Empezó a moverse, sus caderas se balanceaban lentamente y sus manos se apoyaban en mi pecho. Podía ver el placer en sus ojos, la forma en que su cuerpo respondía al mío, y me volvía loco. Subí las manos por sus muslos, agarré sus caderas y guié sus movimientos. Dejó escapar un suave gemido, con la cabeza inclinada hacia atrás y el pelo cayéndole en cascada por la espalda.
«Más fuerte», susurró, con la voz entrecortada, y yo obedecí; mis embestidas eran cada vez más fuertes, más desesperadas.
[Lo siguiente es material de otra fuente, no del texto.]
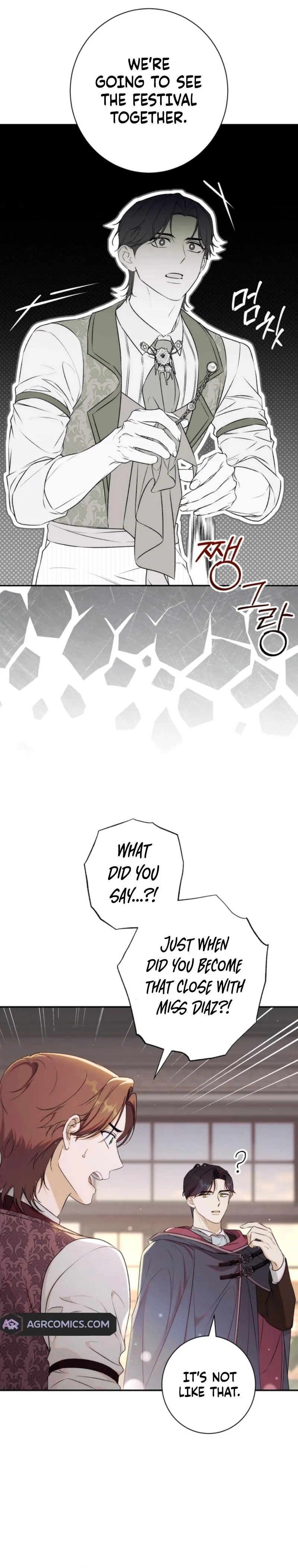 Unbeknownst to Me, I Am Secretly Dating the Emperor Chapter 13 - Page 11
Sus gemidos se hicieron más fuertes, su cuerpo se tensó a mi alrededor y pude sentirla cada vez más cerca, sus movimientos cada vez más erráticos.
Se inclinó hacia delante, sus manos se deslizaron por mi pecho y sus uñas se clavaron en mi piel. Rompió el beso, con la respiración entrecortada, y susurró: «Te pertenezco». Sus palabras me provocaron una oleada de posesividad y apreté más fuerte sus caderas, penetrándola con más fuerza y rapidez.
Sus gemidos se convirtieron en gritos, su cuerpo temblaba cuando alcanzó su punto máximo, y yo la seguí, con mi propia liberación cayendo sobre mí como una ola. Nos aferramos el uno al otro, nuestros cuerpos moviéndose juntos, hasta que el placer desapareció, dejándonos sin aliento, exhaustos.
Ella se desplomó sobre mi pecho, con la cabeza apoyada en mi hombro, y yo la rodeé con mis brazos, estrechándola contra mí. El fuego crepitaba en la chimenea, el sonido era relajante, y podía oír el suave golpeteo de la nieve al caer fuera. Había paz, serenidad y, por un momento, todo parecía perfecto.